RESULTS OF OPERATIONS

Three months ended June 30, 2000 compared to the three months ended June 30,
1999.

        Revenue. Revenue increased $1,263,000 (27%) to $5,962,000 for the three
months ended June 30, 2000 from $4,699,000 for the same period in 1999. The
Company's ZEUS and AESOP product lines were principally responsible for the
revenue increase. ZEUS revenue of $3,115,000 for the quarter was up 86% from
prior year levels and resulted mainly from shipments of four (4) systems and
related equipment to Kino Corporation. AESOP second quarter revenue of
$2,060,000 increased 17% over the previous year's second quarter level mainly as
a result of additional systems sold in the quarter. HERMES revenue of $787,000
for the quarter was down (38%) from prior year due to decrease systems shipped
to the Company's OEM initial HERMES alliance partner, Stryker Corporation.
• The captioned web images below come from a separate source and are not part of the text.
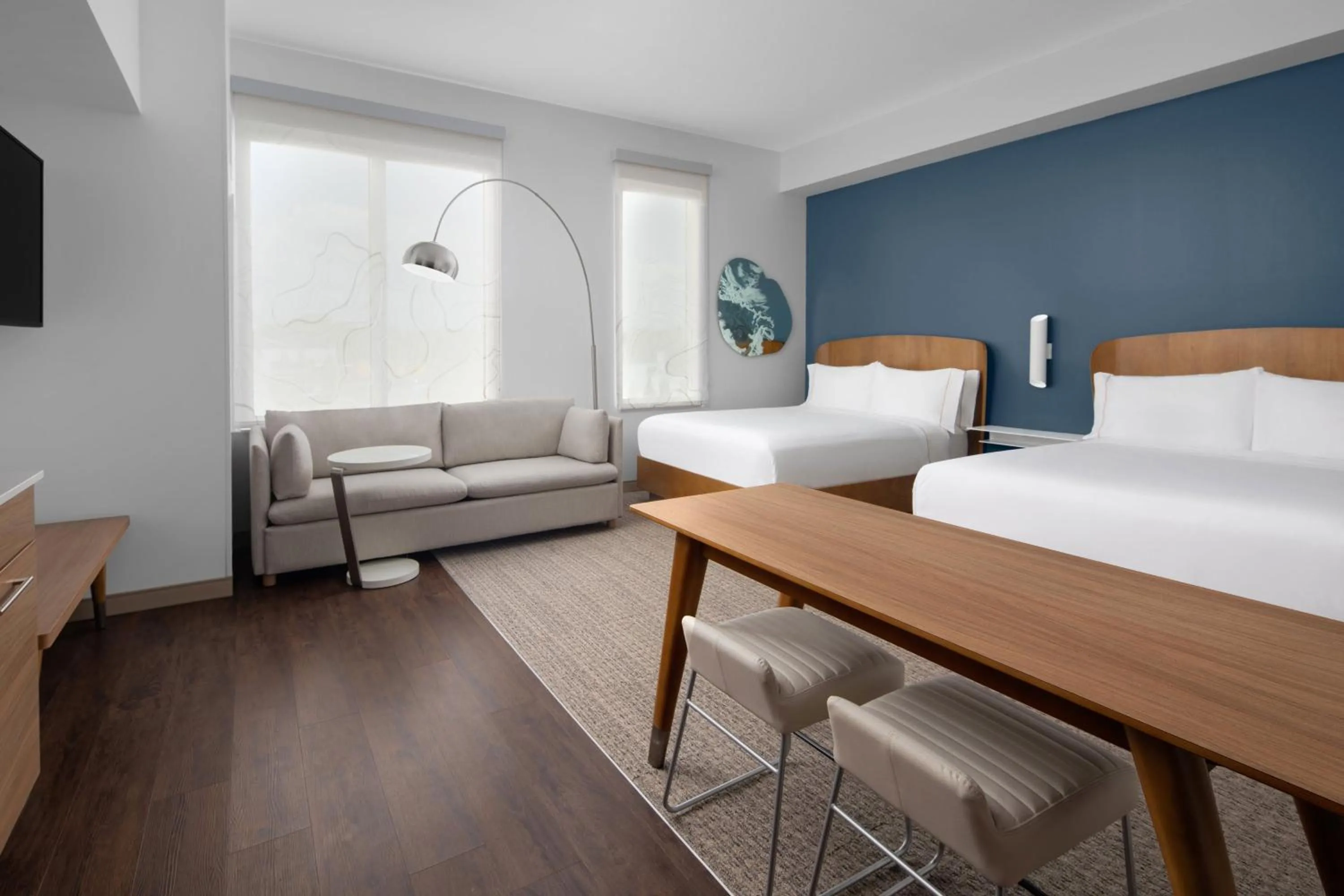 Photo of the whole room, Bed in Element Tampa Midtown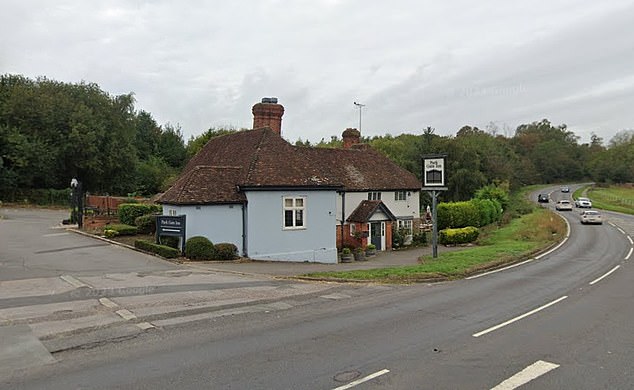 Police surrounded the Park Gate Inn in Hollingbourne, Kent last night, after armed cops shot a man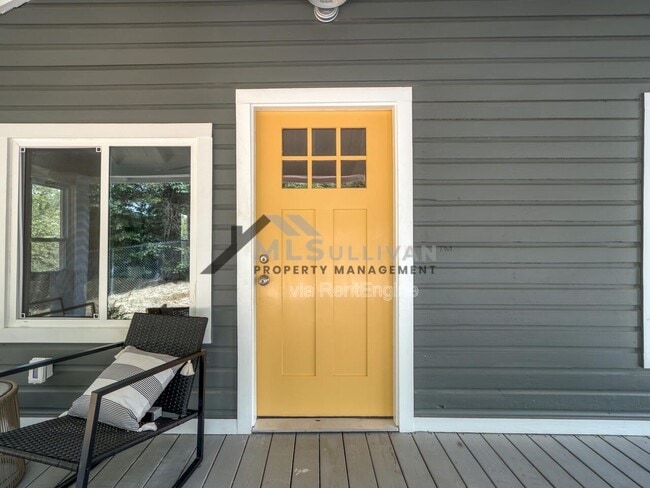 Building Photo - 1010 Cole St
        Gross Profit. Gross profit increased $860,000 (32%) to $3,580,000 for
the three months ended June 30, 2000 from $2,720,000 for the same period in
1999. Gross margin increased slightly to 60% in the second quarter 2000 from 58%
in the second quarter 1999. Gross margin will continue to improve as the Company
is able to produce and sell at a greater volume.

        Research and Development. Research and development expense increased
$1,056,000 (46%) to $3,353,000 for the three months ended June 30, 2000 from
$2,297,000 for the same period in 1999, primarily as a result of the addition of
personnel, and increased development efforts for pre-clinical and clinical trial
activities related principally to ZEUS. Professional fees increased
substantially related to the patent infringement lawsuit the Company has filed
against a competitor. The Company expects research and development expenditures
to increase as it continues to develop its products and conduct clinical trials.
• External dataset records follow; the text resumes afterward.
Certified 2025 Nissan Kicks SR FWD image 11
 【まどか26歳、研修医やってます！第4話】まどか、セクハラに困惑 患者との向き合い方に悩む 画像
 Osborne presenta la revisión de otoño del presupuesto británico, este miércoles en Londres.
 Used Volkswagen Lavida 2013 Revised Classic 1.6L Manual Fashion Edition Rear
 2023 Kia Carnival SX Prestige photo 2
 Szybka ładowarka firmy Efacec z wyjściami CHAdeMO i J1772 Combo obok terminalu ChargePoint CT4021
        Selling, General and Administrative. Selling, general and administrative
expense increased $725,000 (24%) to $3,716,000 for the three months ended June
30, 2000 from $2,991,000 for the same period in 1999. The increase was due
mainly to the addition of field support personnel as the Company expanded it
worldwide sales, service and training capability. The new hires caused increased
recruiting and relocation costs, and higher travel and business related
expenses. The Company expects selling, general and administrative expense to
increase in future periods as it continues to expand its revenue and its sales,
service and training capability.

        Other Expense (Income). Other expense of $113,000 for the three months
ended June 30, 2000 compared to other income of $188,000 for the three months
ended June 30, 1999. Other expense for the current period was comprised of
interest expense on the Convertible Promissory Note (See Note 4) and other
expenses. For the prior period other income was principally comprised of
interest income derived from proceeds of the Company's IPO that was completed in
August 1997.

        Income Taxes. Minimal provisions for state franchise taxes have been
recorded on the Company's pre-tax losses to date. As of December 31, 1999, the
Company had federal and state net operating loss (NOL) carryforwards of
approximately $36,000,000 and $7,500,000, respectively which are available to
offset future federal and state taxable income. Federal carryforwards expire
twenty years after the year of loss and state carryforwards expire seven years
after the year of loss. The Company has provided a full valuation allowance on
the deferred tax asset because of the uncertainty regarding its realization.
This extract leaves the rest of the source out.